Green-Gauss Theorem in FV gives the accuracy of a Central Finite Difference Equation in calculating Diffusive Flux or gradient of a quantity across a face or boundary of two grids. You can try it by using a simple rectangular grid having different temperatures and that would lead to the same answer as CD. But numerically investigating the error with a practical solution could lead to a first order accurate result. you can plot the log of error with respect to log of grid size and the variation would give you the accuracy order.
Thanks for ur advice! Ur knowledge about accuracy order measuring is what i am doing right now.
If u r interested, the attached paper mentioned the accuracy degradation problem of GG methods, the authors proved that GG method with simple averaging in cell gradient reconstruction may fail to reproduce gradient of a linear function exactly via one-dimensional derivation.
Conference Paper Gradient Calculation Methods on Arbitrary Polyhedral Unstruc...
Are you interested by gradient reconstruction on unstrutured meshes ?
In this cas it depends on the formulation you used : cell centered or node centerd.
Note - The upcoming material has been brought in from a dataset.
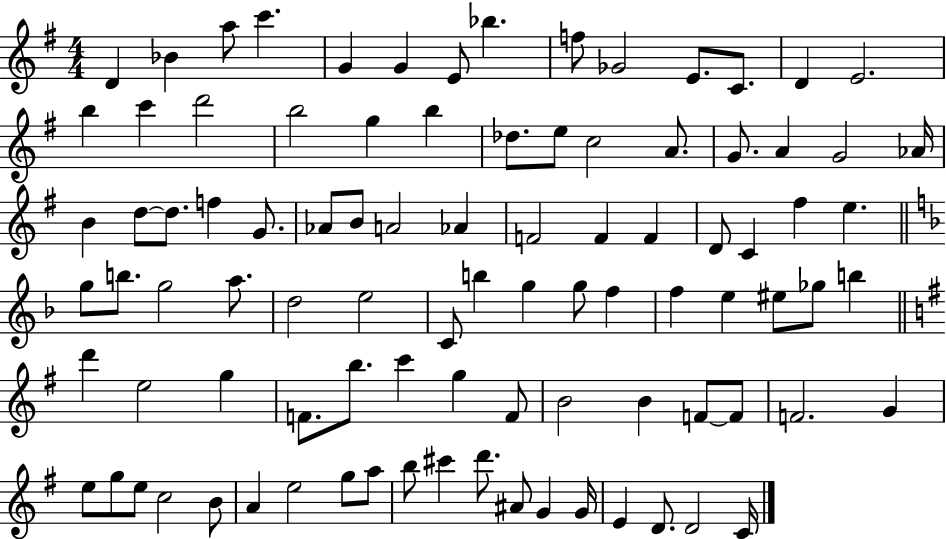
D4/q Bb4/q A5/e C6/q. G4/q G4/q E4/e Bb5/q. F5/e Gb4/h E4/e. C4/e. D4/q E4/h. B5/q C6/q D6/h B5/h G5/q B5/q Db5/e. E5/e C5/h A4/e. G4/e. A4/q G4/h Ab4/s B4/q D5/e D5/e. F5/q G4/e. Ab4/e B4/e A4/h Ab4/q F4/h F4/q F4/q D4/e C4/q F#5/q E5/q. G5/e B5/e. G5/h A5/e. D5/h E5/h C4/e B5/q G5/q G5/e F5/q F5/q E5/q EIS5/e Gb5/e B5/q D6/q E5/h G5/q F4/e. B5/e. C6/q G5/q F4/e B4/h B4/q F4/e F4/e F4/h. G4/q E5/e G5/e E5/e C5/h B4/e A4/q E5/h G5/e A5/e B5/e C#6/q D6/e. A#4/e G4/q G4/s E4/q D4/e. D4/h C4/s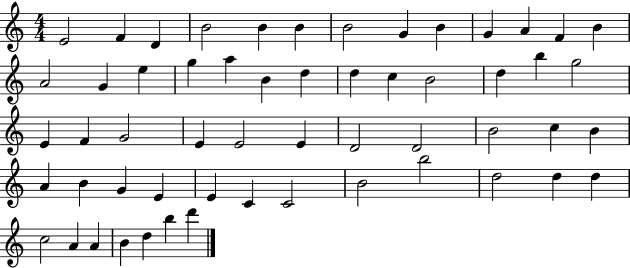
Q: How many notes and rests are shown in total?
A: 56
Mesh distorsion is an important factor .and the gradient approxiamtion method used (Green-Gauss, Least-Square Weghted Least-Square etc.
Some interested reference that can help you are :
Accuracy of Gradient Reconstruction on Grids with High Aspect Ratio
NIA Report No. 2008-12 ,2008.
Boris Diskin and James Thomas
Numerical aspects of computing high-Reynolds number flow on unstructured
generally, using unstructured grid the best way to produce high accuracy order in FV is to create a mix with Finte Element-based second degree shape functions. For example, this method is reported in the book of Peric & Ferziger.